Public Citizen’s Craig Holman, a veteran ethics watchdog who has been trying to reform the nexus between money and politics for decades, said, “When I become suspicious about this kind of activity is when there are efforts to hide.”

The willingness of Reid and Ensign to discuss their lobbying efforts puts their actions “above the board,” Holman said.

He noted that before making calls, Ensign had sought counsel from the Senate Ethics Committee — the first time Holman had heard of a lawmaker doing that. Ensign told the Las Vegas Sun on Monday that the ethics committee told him his actions would be acceptable.

“Good move by Ensign — Reid should have thought of that,” Holman said.

Watchdogs also noted the difficult economic climate, saying that nudging banks to lend is exactly what Washington needs to do to get credit flowing.

“We’ve got to get government sticking its nose into the banking business at this point because they’re not coming through to solve the mess they’ve made,” Holman said.

What remains unknown, however, is how the requests played out on the other end of the phone lines.

Both senators declined to release the names of the financial institutions they called.

Reid has been contacting the financial houses for the past few months. Ensign has been calling since the week before last.

Ensign told the Sun he called several institutions, spoke with CEOs or political affiliates and was careful to emphasize that the project is important for jobs in Nevada.

Ensign said he stressed that he “understood they had to make the right business decisions, but at the same time how important the project was for jobs in Las Vegas.”

Ensign confirmed that several of the companies he called had received taxpayer bailout funding. But he declined to name names, saying he didn’t want to put the lenders in the position of having to publicly explain whether they would help MGM Mirage.

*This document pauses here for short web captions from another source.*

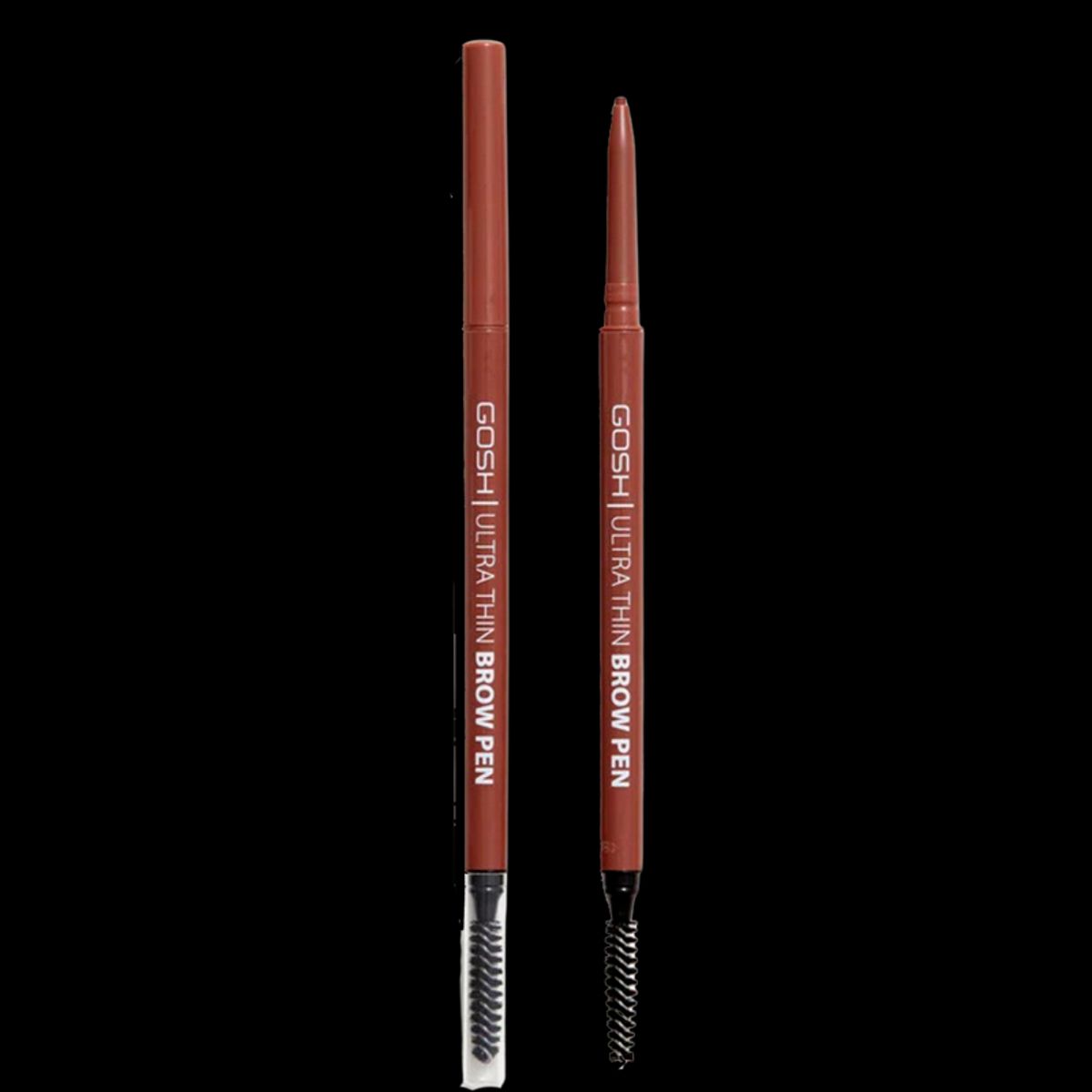 GOSH Ultra Thin Brow Pencil Brown 001 0,09 g.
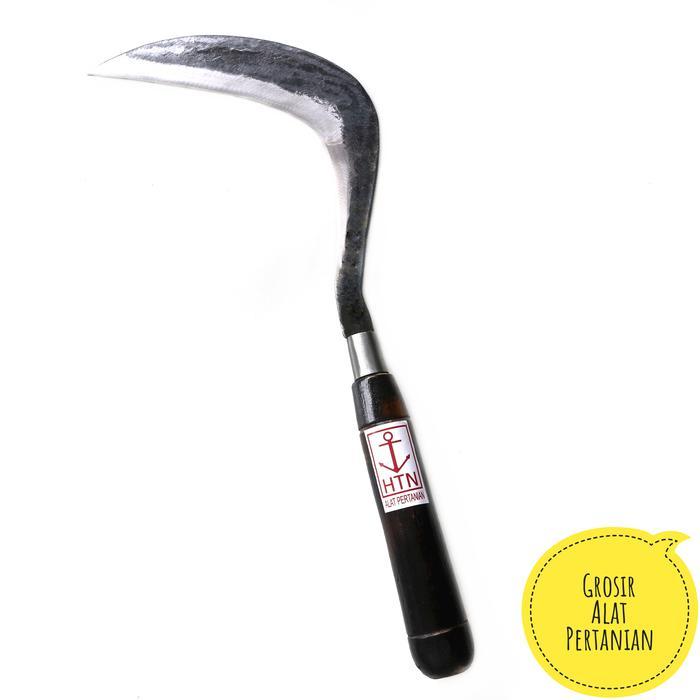 Arit Baja Per Asli Sabit Pembersih Rumput Alat Pertanian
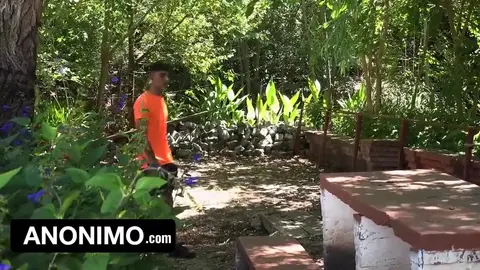 Joven Argentino Felix Follando 015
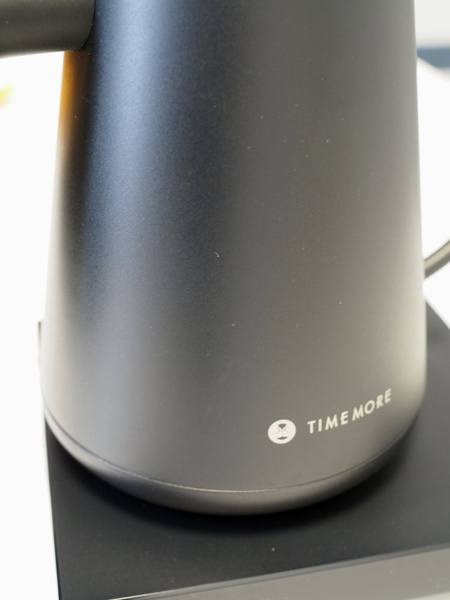 OUTLET 6884 - Czajnik elektryczny Timemore Fish Smart Pro 900 ml - Czarny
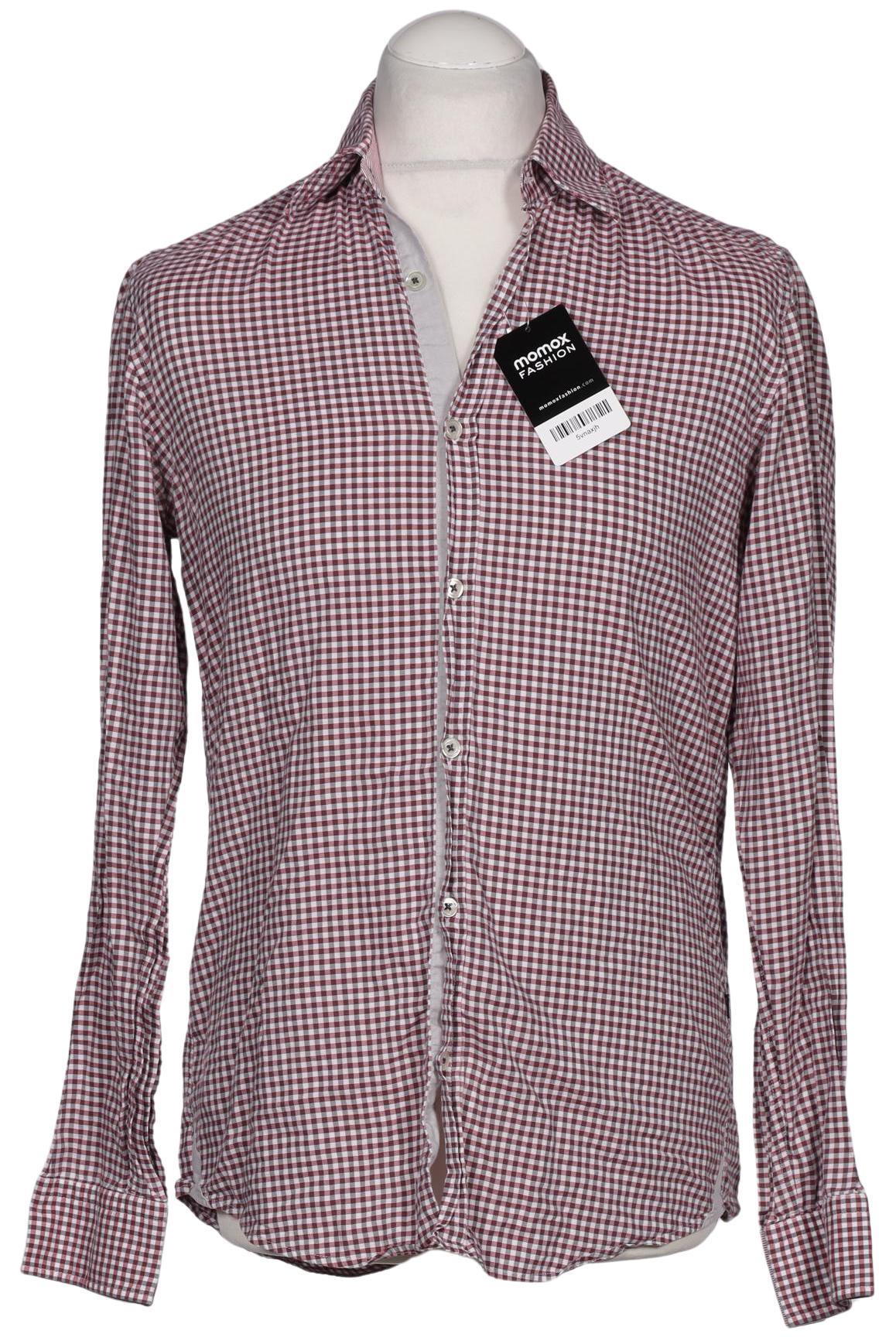 

Boss by Hugo Boss Herren Hemd, bordeaux, Gr. 46
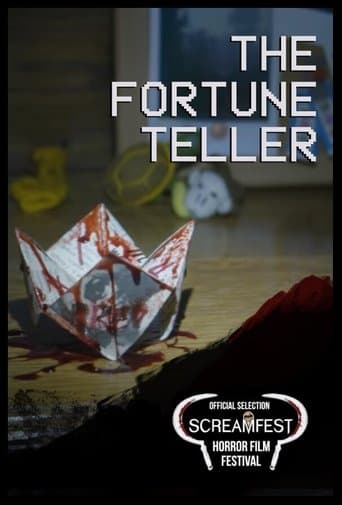 Movie poster for The Fortune Teller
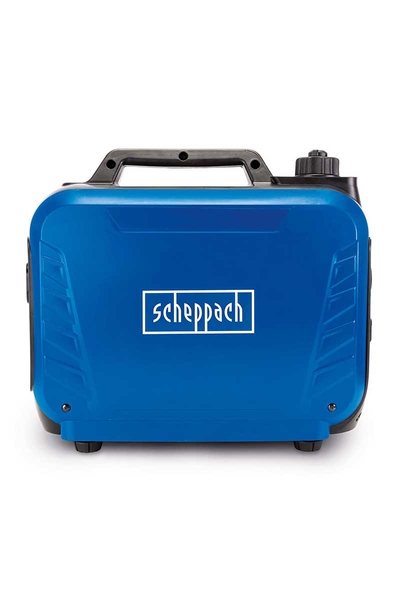 Scheppach - Scheppach SG2500İ 2 kW İnvertörlü Portatif Benzinli Mini Jeneratör Scheppach SG2500İ 2 kW İnvertörlü Portatif Benzinli Mini Jeneratör - Thumbnail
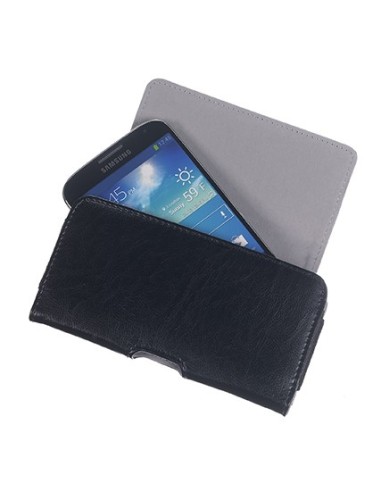 Celly STYLEXXXL01 custodia per cellulare Custodia a fondina Nero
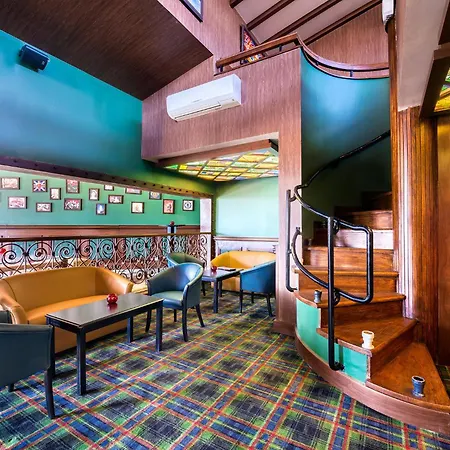 The Olive Tree Hotel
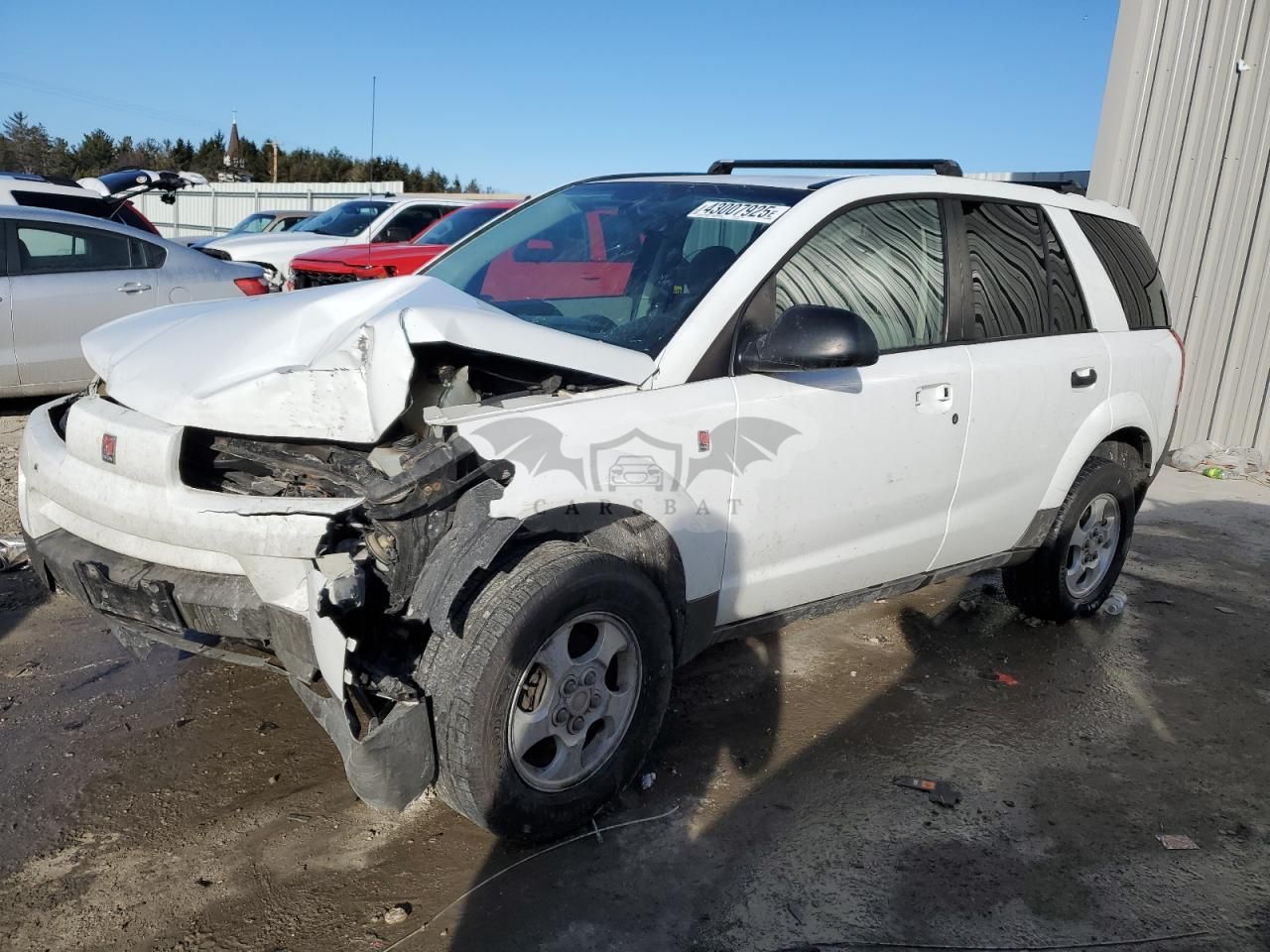 Saturn Vue 2.2L 4 2004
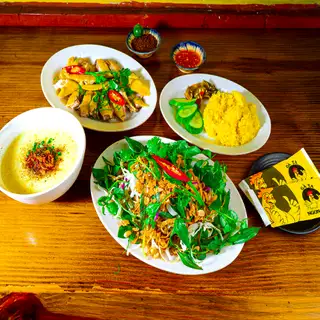 Hình ảnh Combo 2 - 3  người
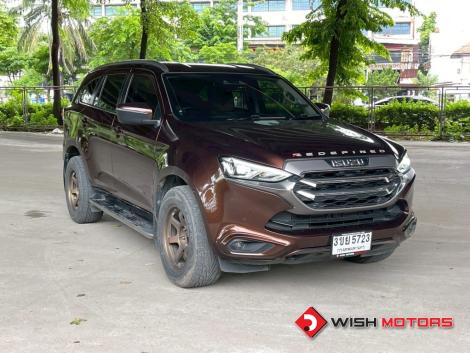 ISUZU MU-X 3.0 Ultimate AT ปี 2020 #1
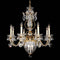 Schonbek 1248 Bagatelle 11-lt 27" Chandelier
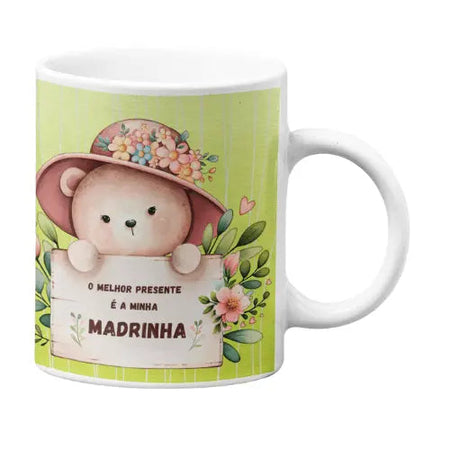 Caneca Madrinhas 004 - Charmy Gift Store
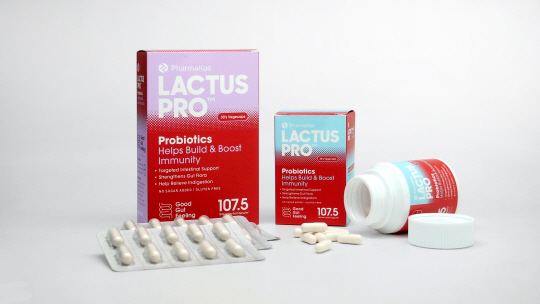 대원제약의 랙터스 프로(LACTUS PRO) 제품/사진제공=대원제약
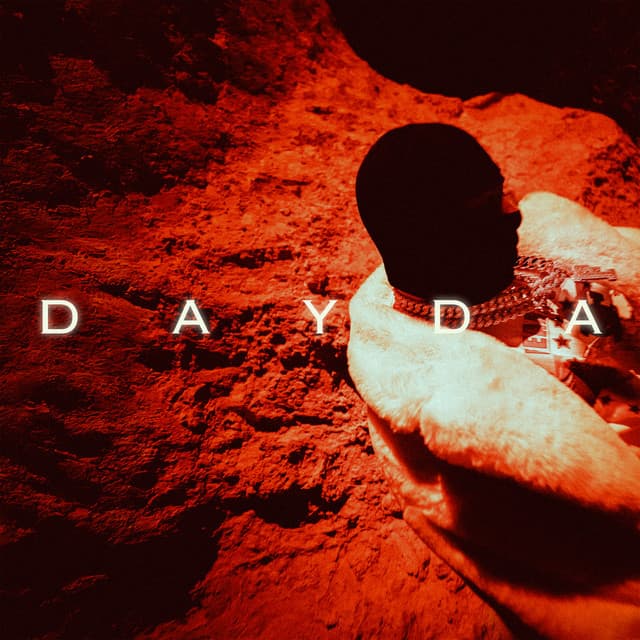 Cover van DAYDA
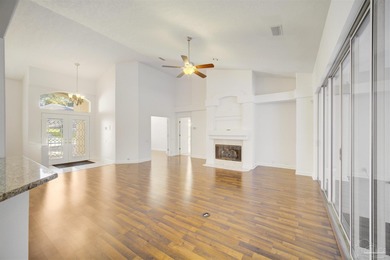 Stunning Pool Home on Marcus Pointe Golf Course - Elegant on Marcus Pointe Golf Club in Florida - for sale on GolfHomes.com, golf home, golf lot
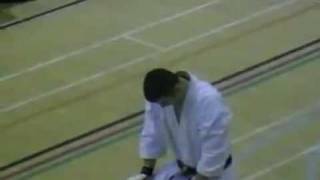 Shotokan Karate Knockout [upl. by Bolen]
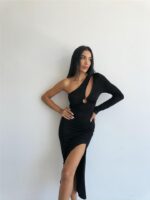 Deluxerie Kleid MF-Jewelyn
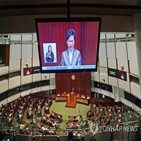 홍콩,선거,중국,투표,후보,입법회,투표소,독려,투표율,혐의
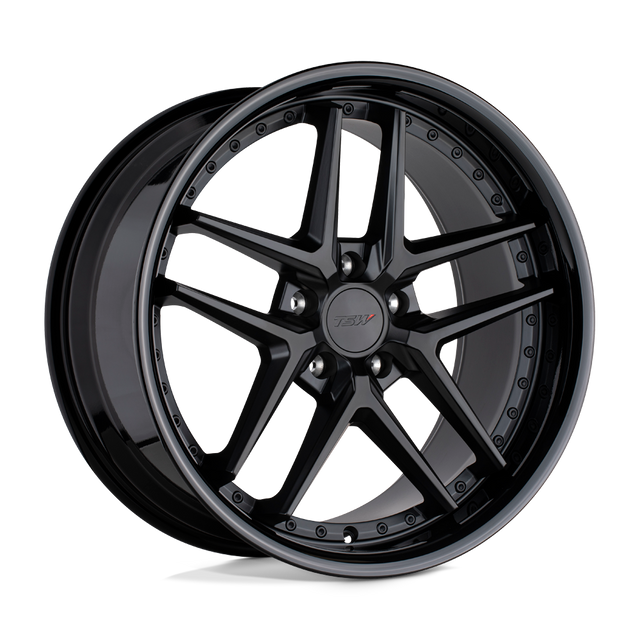 TSW - PREMIO | 20X10 / 40 Offset / 5X112 Bolt Pattern | 2010REM405112B66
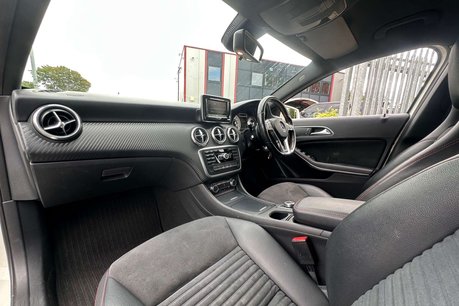 Mercedes-Benz A Class 2.1 A220 CDI AMG Sport Hatchback 5dr Diesel 7G-DCT Euro 6 (s/s) (170 ps) 23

Reid spokesman Jon Summers also declined to identify the companies the senator called or whether bailout recipients were involved. But Summers said Reid never asked directly for a loan for MGM Mirage. “Sen. Reid called the banks and asked them to give this project a fair shake,” Summers said.

MGM Mirage gives campaign money broadly to both Democrats and Republicans in Congress, and is the top contributor to both Reid and Ensign. The company has given $152,750 to Reid over the past five years, and $134,000 to Ensign, according to the Center for Responsive Politics.

The effects of the senators’ actions might become clearer in the future — if MGM Mirage receives loans, or if the banks receive favorable treatment.

“I just don’t see it yet,” Holman said. “Down the road if you saw any special treatment for the banks that gave the loans, that ought to raise suspicions.”

Boyle said any effort by the senators to go easy on the banks or provide them with favors in this economic climate would stand out. “Financial institutions are pretty much the scourge of the earth right now.”